Cardinal Dulles had been the oldest living U.S. cardinal. His death was announced by the New York-based Jesuit provincial’s office. Funeral arrangements were pending.
His death “brings home to God a great theologian and a totally dedicated servant of the Church,” said Cardinal Francis E. George of Chicago, president of the U.S. bishops. “I am deeply saddened at the loss of a personal friend, but I rejoice in the hope that now he sees clearly what he explored so well in his studies on revelation, on grace and on the nature of the Church and the papal office,” he said in a statement.
Cardinal Dulles, the son of former Secretary of State John Foster Dulles and nephew of onetime CIA director Allen Walsh Dulles, both of whom served in the Eisenhower administration, became known in his own right for his groundbreaking 1974 work “Models of the Church”—one of 22 books published under his name—in which he defined the Church as institution, mystical communion, sacrament, herald, servant and community of disciples, and critiqued each.
Born Aug. 24, 1918, Cardinal Dulles was the grandson of a Presbyterian minister. He joined the Catholic Church as a young man after he went through a period of unbelief.
“In becoming a Catholic, I felt from the beginning that I was joining the communion of the saints,” he said at a 2004 lecture in New York on author C.S. Lewis. “I found great joy at the sense of belonging to a body of believers that stretched across the face of the globe.”

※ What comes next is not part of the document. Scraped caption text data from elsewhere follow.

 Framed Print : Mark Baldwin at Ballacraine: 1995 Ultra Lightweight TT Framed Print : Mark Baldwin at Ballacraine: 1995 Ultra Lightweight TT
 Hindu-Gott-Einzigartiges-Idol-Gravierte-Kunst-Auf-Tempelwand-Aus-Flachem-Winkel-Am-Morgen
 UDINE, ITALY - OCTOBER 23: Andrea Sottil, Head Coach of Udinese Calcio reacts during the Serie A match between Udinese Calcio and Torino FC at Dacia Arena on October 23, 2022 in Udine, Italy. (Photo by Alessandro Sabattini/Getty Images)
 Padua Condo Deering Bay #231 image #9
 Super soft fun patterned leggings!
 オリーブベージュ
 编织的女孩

He entered the Catholic Church in 1941 while a student at Harvard Law School. He served in the Navy in World War II, then entered the Jesuits after his discharge in 1946. He was ordained to the priesthood in 1956.

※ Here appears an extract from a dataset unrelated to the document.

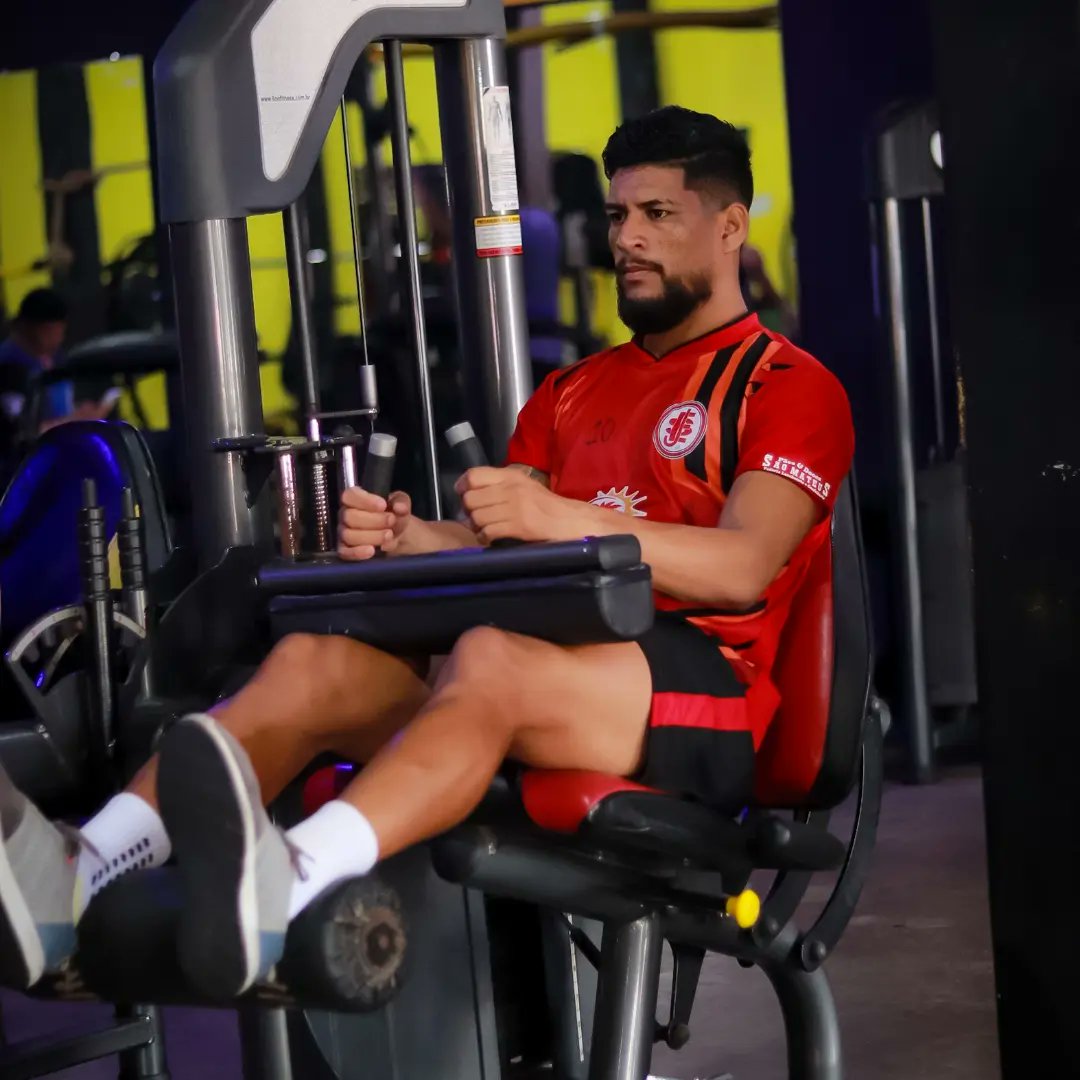 JuventudeSamas's tweet photo. Confira as imagens do Poraquê no treino pela manhã na academia . 

@lionfitness #ParceiroOficial 

O elenco retorna as atividades no estádio Pinheirão às 15h30. 

❤🤍🖤 #OrgulhodoInterior  🤍🖤❤

📷 @mvitoriafoto https://t.co/1XV47taCNm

Cardinal Dulles had been the Laurence J. McGinley professor of religion and society at Fordham since 1988. He also had taught in Washington at the former Woodstock College, now folded into Georgetown University, in 1960-74, and The Catholic University of America, 1974-88. He had also been a visiting professor at Catholic, Protestant and secular colleges and universities.
Past president of both the Catholic Theological Society of America and the American Theological Society, Cardinal Dulles served on the International Theological Commission and as a member of the U.S. Lutheran-Roman Catholic dialogue. He also served as a consultant to the U.S. bishops’ Committee on Doctrine.
He was the recipient of numerous awards and of more than 30 honorary doctorates.
Cardinal Dulles had two other relatives who served as secretary of state: great-grandfather John W. Foster and great-uncle Robert Lansing.